# New member, new smoking addict.



## Granny Clouds (Nov 2, 2018)

I got my first smoker in September. It was a tiny Little Chief. Great little smoker, but way, way too small. So, in October, I gritted my teeth and got a Masterbuilt 40 inch smoker, complete with electronic controls and a remote. This baby is sweet. I am still kind of insecure about recipes, times and temperatures, but hey, it's only a couple of weeks old. 

My name is Carol, although my user name is Granny Clouds, because I am the oldest competitive vaper in North Carolina. Yes, I have many interests. 

I am married to a curmudgeon, but he is my curmudgeon. I have a senior Great Dane that I've raised from a puppy, so she is spoiled rotten. By the way, she loves smoked meat, and has to go out to check the smoker with me every time I do anything.

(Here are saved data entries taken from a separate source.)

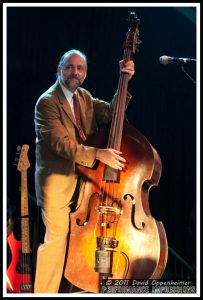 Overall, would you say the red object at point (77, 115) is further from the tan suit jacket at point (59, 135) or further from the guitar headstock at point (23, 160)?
the guitar headstock at point (23, 160)

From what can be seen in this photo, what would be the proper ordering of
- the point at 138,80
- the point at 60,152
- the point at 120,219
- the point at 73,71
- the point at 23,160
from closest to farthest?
1. the point at 120,219
2. the point at 60,152
3. the point at 73,71
4. the point at 23,160
5. the point at 138,80

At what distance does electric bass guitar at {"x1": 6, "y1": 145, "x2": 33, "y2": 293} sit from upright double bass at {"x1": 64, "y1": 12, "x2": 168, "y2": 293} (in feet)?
1.25

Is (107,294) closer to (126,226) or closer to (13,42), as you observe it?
(126,226)

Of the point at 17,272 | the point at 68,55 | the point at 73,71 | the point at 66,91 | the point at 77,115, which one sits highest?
the point at 68,55

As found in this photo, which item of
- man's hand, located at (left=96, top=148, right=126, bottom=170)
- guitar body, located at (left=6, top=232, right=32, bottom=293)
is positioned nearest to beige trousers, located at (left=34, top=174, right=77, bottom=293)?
guitar body, located at (left=6, top=232, right=32, bottom=293)

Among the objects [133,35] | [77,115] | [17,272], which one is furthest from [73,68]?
[17,272]

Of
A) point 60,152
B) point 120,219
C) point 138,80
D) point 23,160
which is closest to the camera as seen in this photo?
point 120,219

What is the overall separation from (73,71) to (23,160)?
0.71 metres

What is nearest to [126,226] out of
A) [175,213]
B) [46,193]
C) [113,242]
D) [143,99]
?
[113,242]

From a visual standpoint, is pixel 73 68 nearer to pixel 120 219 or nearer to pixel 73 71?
pixel 73 71

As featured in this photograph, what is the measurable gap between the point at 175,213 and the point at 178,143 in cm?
55

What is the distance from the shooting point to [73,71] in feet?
11.1

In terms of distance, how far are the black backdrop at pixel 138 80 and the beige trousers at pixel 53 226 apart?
0.42 metres

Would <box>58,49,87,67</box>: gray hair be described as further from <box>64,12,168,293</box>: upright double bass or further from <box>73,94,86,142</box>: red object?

Thanks for accepting me and I will apologize in advance for multiple beginner questions.


----------



## pit of despair (Nov 2, 2018)

Carol,
Welcome from VA.  Send us all the questions you have, we love answering them.  Remember to take photos of your successes and failures to share with us because " no pictures it didn't happen!"
Again, welcome.
Teddy


----------



## 6GRILLZNTN (Nov 2, 2018)

Welcome to SMF, and congrats on the new smoker. Although I do my smoking in a WSM, there are a lot of people on this forum using Masterbuilts. You’ll be up and running in no time.


----------



## Granny Clouds (Nov 2, 2018)

Thank you. I've used it a couple of times already. Tonight, rib eye steaks. I like to think big. 

What is a WSM?


----------



## Granny Clouds (Nov 2, 2018)

pit of despair said:


> Carol,
> Welcome from VA.  Send us all the questions you have, we love answering them.  Remember to take photos of your successes and failures to share with us because " no pictures it didn't happen!"
> Again, welcome.
> Teddy




I guess I need to find my cell phone charging cord, then. :)


----------



## SmokinAl (Nov 2, 2018)

Welcome aboard!
Glad to have you join us!
Al


----------



## Braz (Nov 2, 2018)

Welcome. WSM is a Weber Smoky Mountain, a smoker based on the Weber kettle charcoal grill.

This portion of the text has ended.